We started at 7am at Einstein Bros in Concord (pronounced like conquered not con-cord as my traveling companions were quick to point out each time I said the town name) and made the 90 minute drive up to the trailhead in early morning temperatures in the mid-70s.

Our friends, Mike and Tony joined us for the trip and though there was a bit of a breeze across the open field near the car park, we were already pretty overheated when we started out.

The hike actually starts on farm property, a lovely house nestled in under the Whiteface mountain behind it.

The breeze that seemed so promising was not blowing in the foothills though the hiking was relatively easy.  On a fall day it would be a very pleasant hike but in the heat I found myself wondering how well we would handle the relatively steep sections that were inevitable near the top.

The steep climbing was quite impressive with a wall followed by some rather large slabs.  There were plenty of places to hold on to and despite some concern over footing, we were able to get up these slabs rather easily after taking a bit of a break below them.

After this the going got tough.  The mountain is not much harder a climb than the many other 4000ft peaks we have done but the heat and humidity sapped our strength relentlessly to the point where there was a discussion about not doing the side trip to Passaconaway.

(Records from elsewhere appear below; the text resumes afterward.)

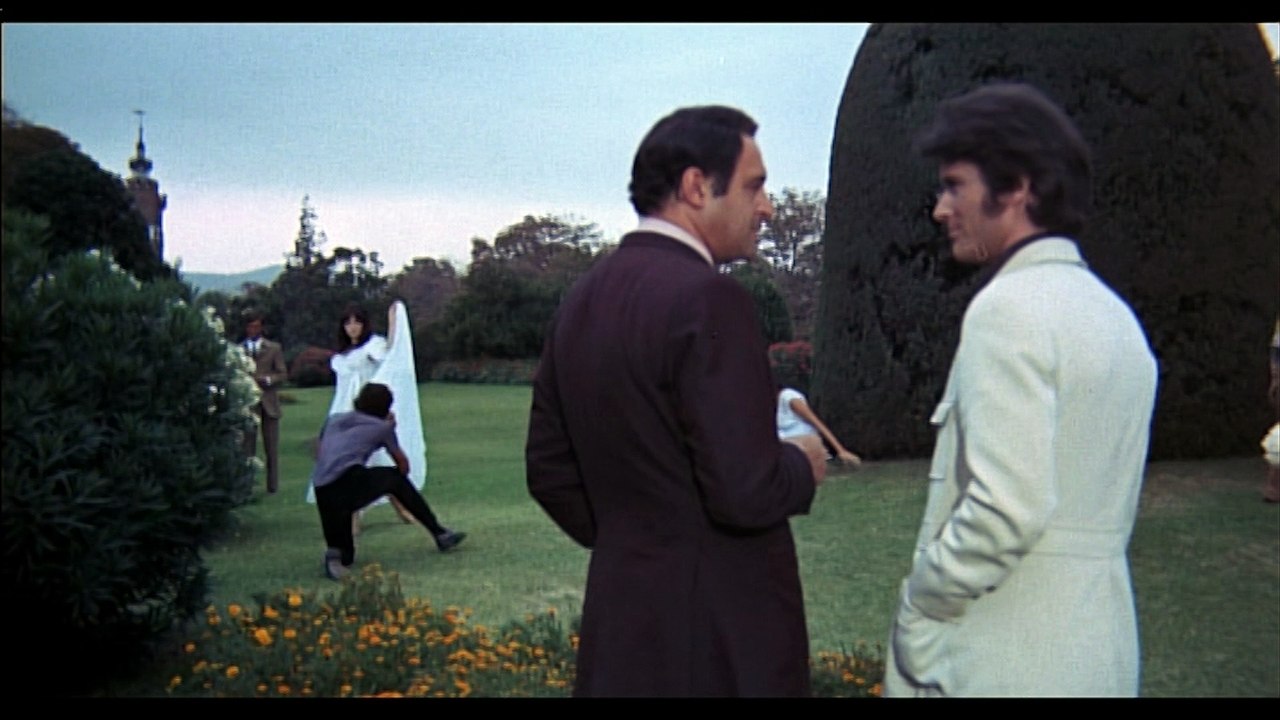 Hatchet for the Honeymoon - Originatrailer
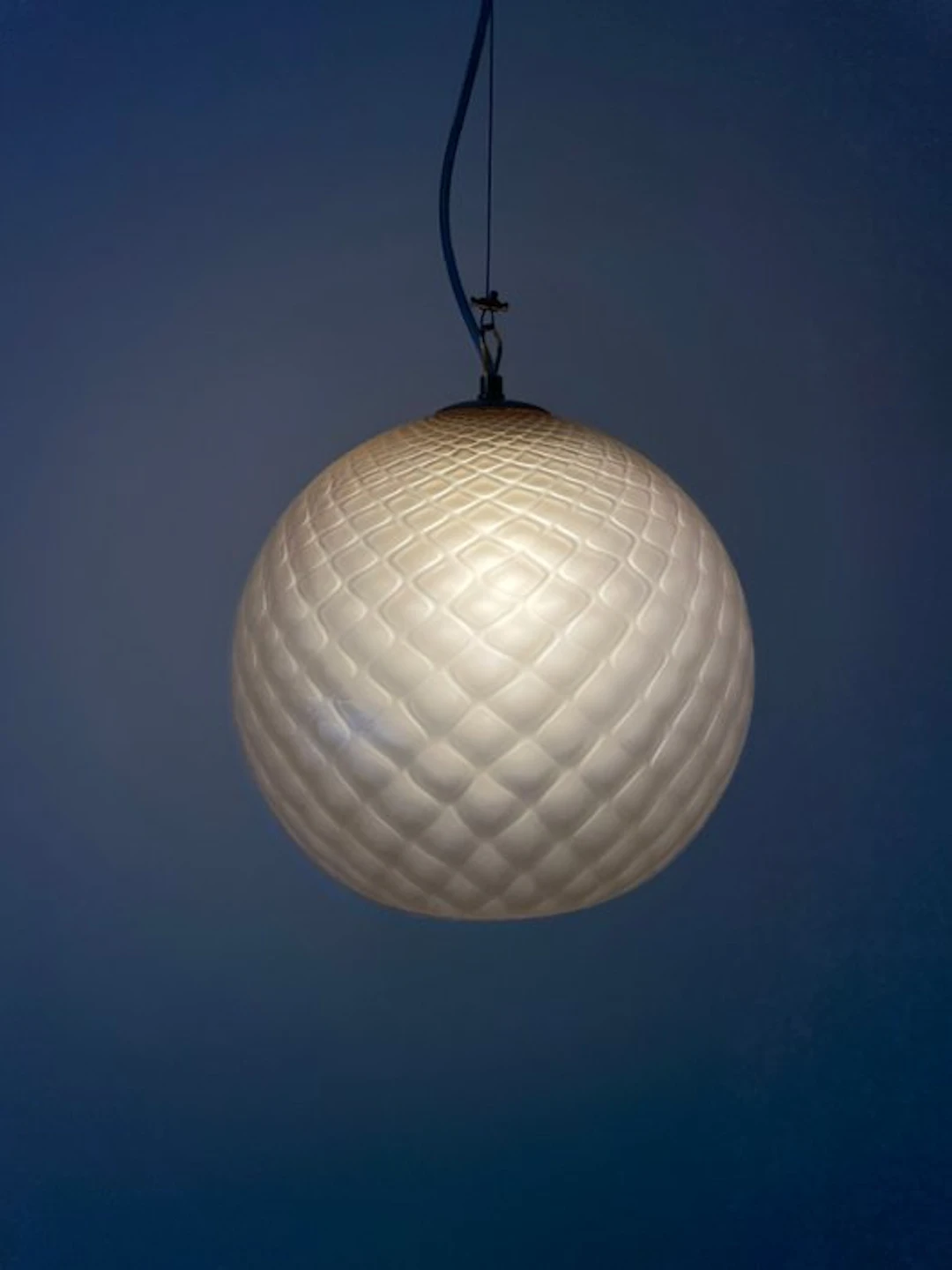MIMU interior - Chandelier - BAROLA' balloton - Murano glass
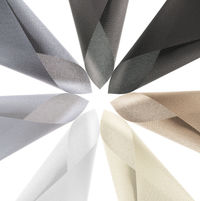 Mermet’s Nature fiberglass sun-control textile contains no halogenated flame retardants.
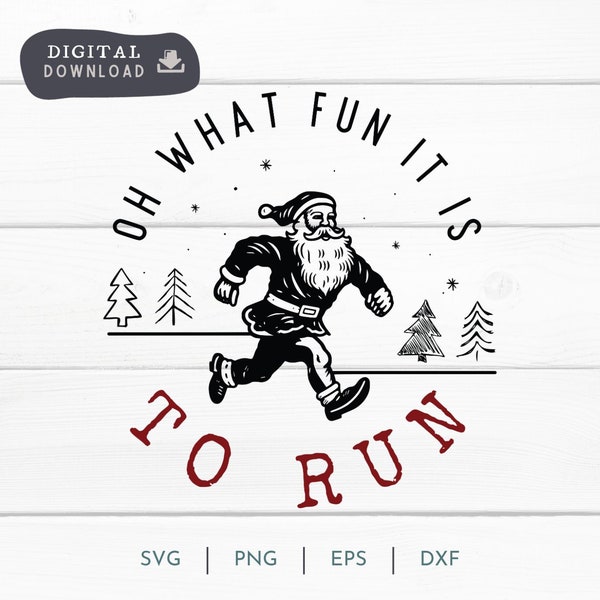 Oh What Fun Clipart - Etsy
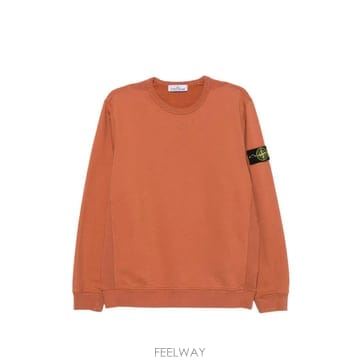 26 FW 스톤아일랜드 컴퍼스 패치 크루 넥 스웨터 L2S156100049S0A20 TP458196869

Being as close as I am to getting all 48 (32 done by the end of today) I found myself making insisting that I wanted to complete the hike as planned and at the junction after some hesitation everyone decided to go on to the final push.

To be fair, Mike had said all along that he was not sure about doing both peaks and Bruce has done them already.  Tony was somewhat indifferent, these being his first 2 of 48 (Bruce somewhat ruthlessly suggested that he should not count the peaks they had bagged during their college years if he does decide to go ahead and get them all).

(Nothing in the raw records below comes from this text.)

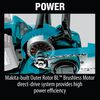 Makita 18V X2 (36V) LXT Lithium-Ion Brushless Cordless 16in Chain Saw Kit with 4 Batteries (5.0Ah), small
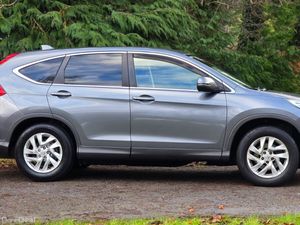 2015 Honda CR-V 1.6 i-DTEC 160 AWD - Image 3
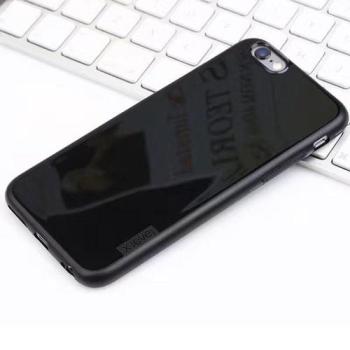 X-Level iJelly Antislip Silikon-Hülle Cover Case Tasche für Samsung Galaxy J7 (2017) schwarz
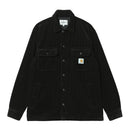 Whitsome Shirt Jac Carhartt WIP, coloris Black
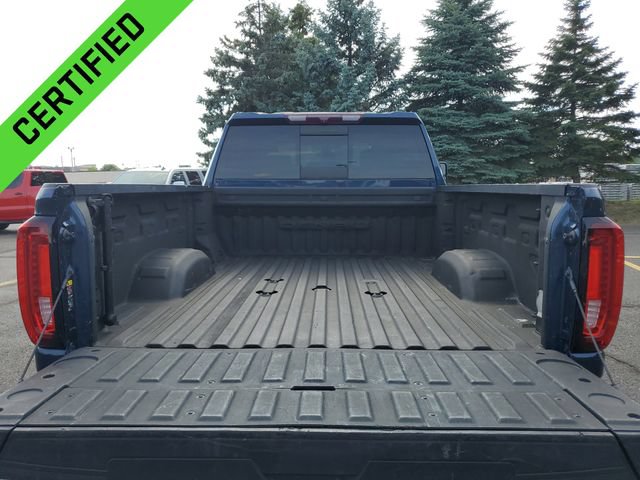 Certified 2022 GMC Sierra 2500 Denali AWD/4WD image 36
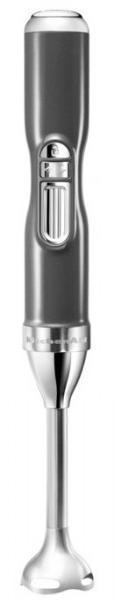 Погружной блендер KitchenAid Artisan 5KHB3581EMS (Medallion Silver) купить в интернет-магазине icover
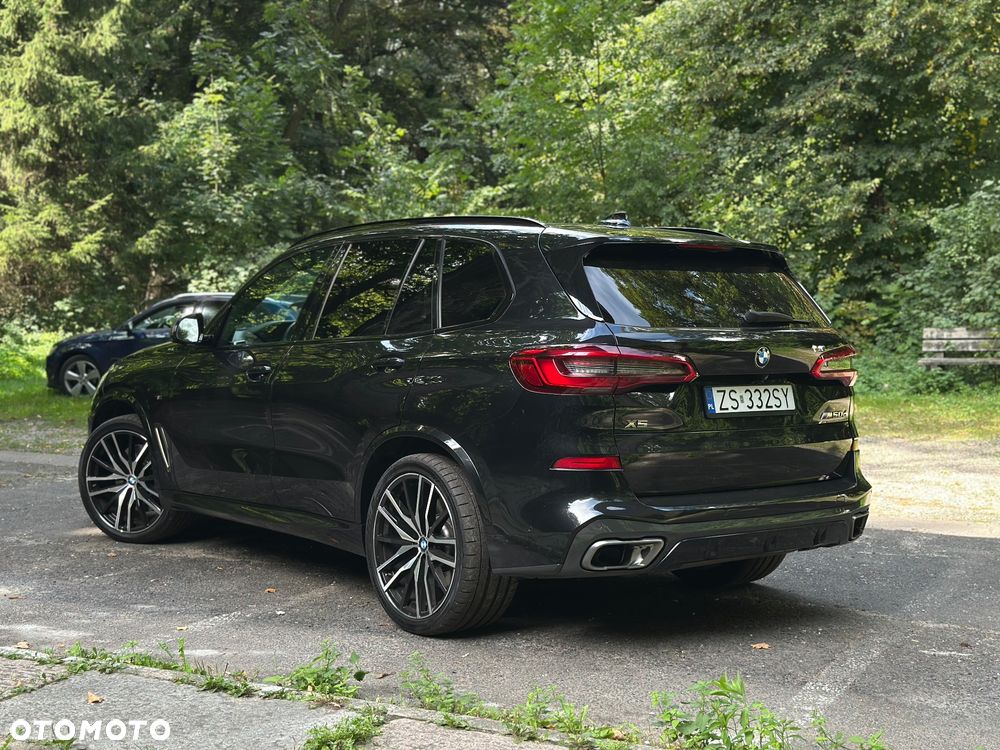 BMW X5 M M50d - 4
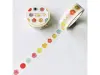 Seitousha Masking Tape - Confectionery Pattern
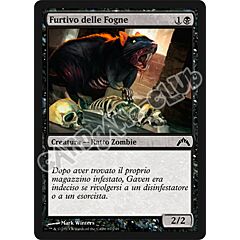 067 / 249 Furtivo delle Fogne comune (IT) -NEAR MINT-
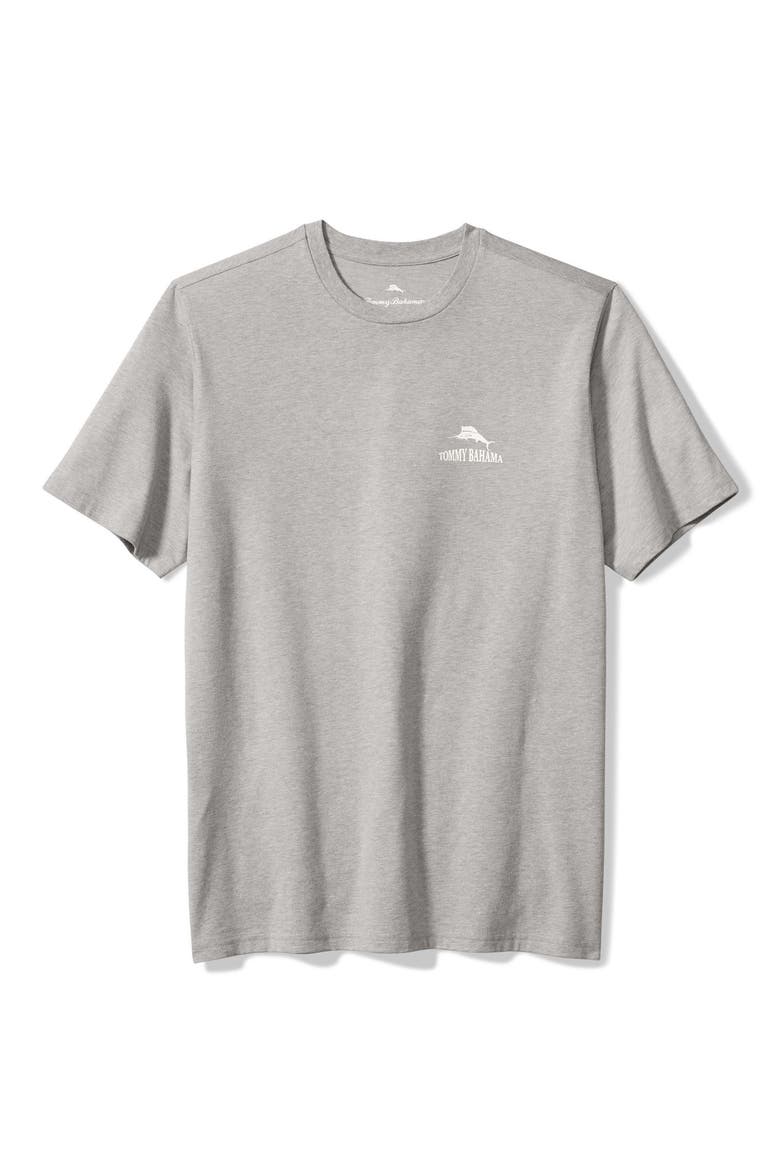 Barks & Recreation Graphic T-Shirt, Main, color, GREY HEATHER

Anyway, the short of it was that I was the only one who really felt the "need" to carry on so I took it as a very kind gesture from them all.

A small breeze had picked up along the ridge after Whiteface and some B12 and Omega3 chews from Mike, along with the gatorade that is now a constant supplement in my bag during hikes helped to fuel the last push.

We came down the Diceys Mill Trail and Mike pointed out that this section of the trail passes through some of the original forest.  Most of the woods in New England were cleared between the Settlers arrival in the 1800s and the 1930s.  The wood was used for timber for homes, textiles and paper over the years.  This section of the forest still houses trees that have been around for about 300 years.

We exited across a the river close to the farmsteads at the trailhead.  We were somewhat in a hurry to get to the car and the beer and thwarted Mike's desire to get his feet wet in the stream.

We "wet our whistles" instead in a tavern in the town of Merrill, NH and had sandwiches to keep the wolf from the door until we got home later.

Oddly, despite suffering through this we did it 30min shorter than John and Bruce had taken a year ago...

Another great, if hot, day in the hills.